Le bien-être animal

Le bien-être animal

Le bien-être animal 720 478 Franck Raynal

Par une loi de 2015, l’animal est reconnu par le code civil comme un « être vivant doué de sensibilité ». Grande avancée lorsque l’on sait qu’auparavant, l’animal était considéré comme un « bien meuble ». Malheureusement dans les faits, le compte n’y est pas. Les vidéos récurrentes de l’association L214 sont là pour nous le rappeler.

Une inégalité de traitement sur fond de rentabilité économique

La loi de 2015 concerne tous les animaux indépendamment de leur qualité (animal de compagnie, animal de production ou animal de cirque). Pourtant, aujourd’hui, la considération apportée au bien-être d’un animal de compagnie n’est vraiment pas la même que celle apportée à un animal destiné à l’abattage. Il m’est insupportable de penser que l’on puisse sacrifier le bien-être d’un animal pour des questions de rentabilité économique. Parce que le veau, le mouton ou encore le cochon sont destinés à finir dans nos assiettes, leurs conditions de vie auraient moins d’importance que celle d’un chien ou d’un chat. Ce constat cruel est pourtant une réalité et dénoncer sans agir, c’est cautionner.
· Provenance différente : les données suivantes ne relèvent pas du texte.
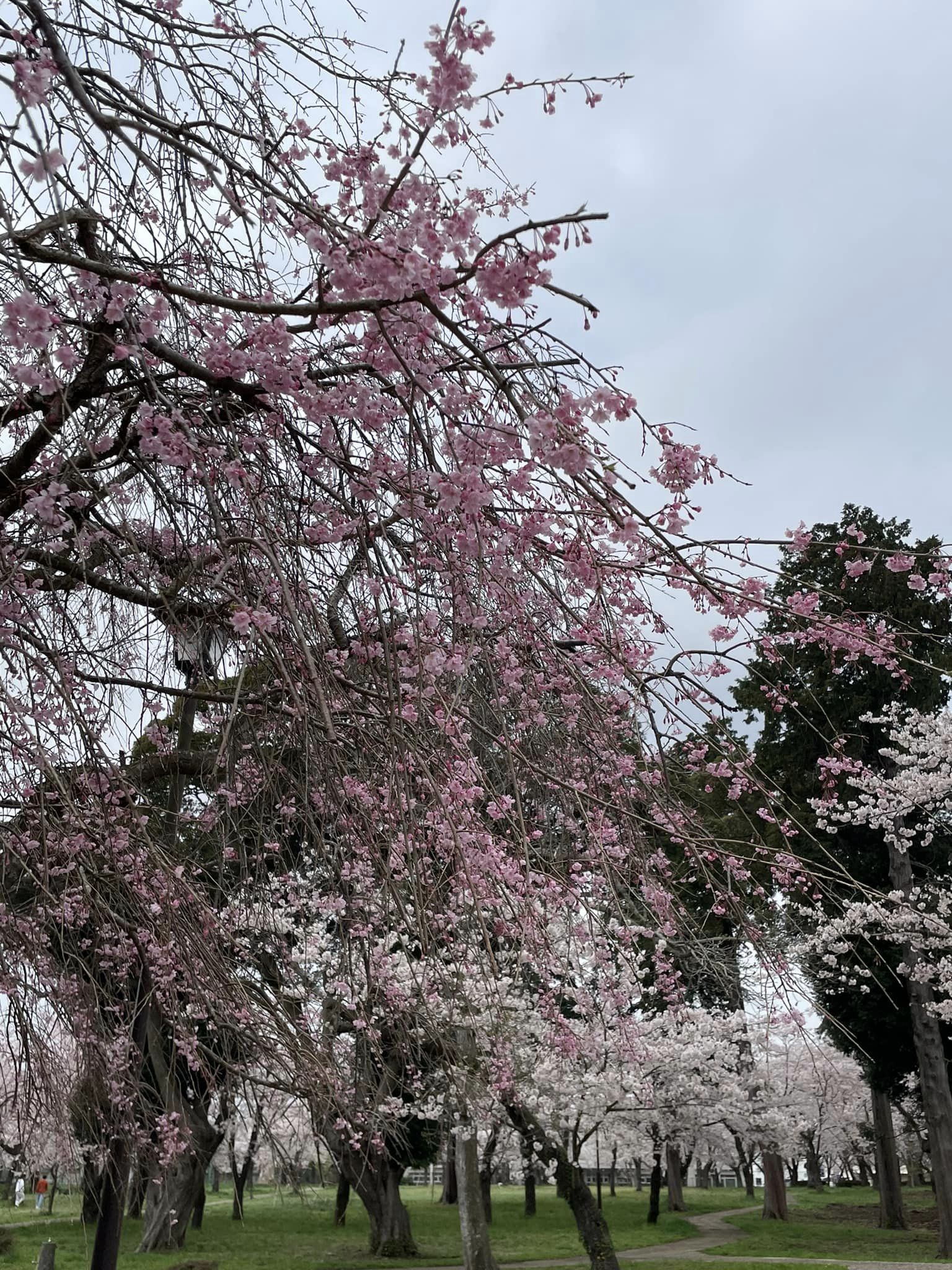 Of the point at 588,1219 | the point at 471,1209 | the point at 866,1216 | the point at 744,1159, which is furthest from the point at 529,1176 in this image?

Des animaux sauvages privés de leur milieu naturel

Quand on parle de maltraitance animal, on oublie parfois celle dont sont victimes les animaux sauvages dans les cirques itinérants. Des dromadaires attachés à l’extérieur en plein soleil par 35° avec pour seule compagnie les passants ou les voitures qui défilent à attendre la prochaine représentation, j’en ai vus et même trop. En tant qu’élu local, je suis régulièrement confronté à cette situation. Si le spectateur apprécie la prestation, nombreux sont aussi ceux qui s’inquiètent et nous interpellent sur les conditions de vie des animaux. Doit-on oublier l’animal au profit du divertissement ? A titre personnel, je ne le pense pas. Au contraire, je ne prends aucun plaisir à voir un animal ainsi exhibé quand je sais les conditions dans lesquelles il vit.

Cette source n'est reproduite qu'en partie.